**EXTRACTED INFORMATION**
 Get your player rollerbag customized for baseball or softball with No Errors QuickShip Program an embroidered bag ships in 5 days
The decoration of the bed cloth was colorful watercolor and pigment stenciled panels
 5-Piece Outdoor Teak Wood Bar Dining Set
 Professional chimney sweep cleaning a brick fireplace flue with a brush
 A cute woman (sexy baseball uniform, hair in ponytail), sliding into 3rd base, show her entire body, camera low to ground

---

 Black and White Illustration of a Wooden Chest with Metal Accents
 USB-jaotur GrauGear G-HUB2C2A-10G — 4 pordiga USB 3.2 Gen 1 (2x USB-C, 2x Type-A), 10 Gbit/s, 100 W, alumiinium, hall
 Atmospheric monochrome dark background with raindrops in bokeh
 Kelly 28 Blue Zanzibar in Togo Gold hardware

--

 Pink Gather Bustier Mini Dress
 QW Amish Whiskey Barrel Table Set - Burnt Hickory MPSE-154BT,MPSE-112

**YOUR TASK**
Everything starting at the line containing "Get your player" and ending at the line containing "A cute woman" in the records above should be repeated exactly, and only that.

**RESULT FOR THIS EXERCISE**
 Get your player rollerbag customized for baseball or softball with No Errors QuickShip Program an embroidered bag ships in 5 days
The decoration of the bed cloth was colorful watercolor and pigment stenciled panels
 5-Piece Outdoor Teak Wood Bar Dining Set
 Professional chimney sweep cleaning a brick fireplace flue with a brush
 A cute woman (sexy baseball uniform, hair in ponytail), sliding into 3rd base, show her entire body, camera low to ground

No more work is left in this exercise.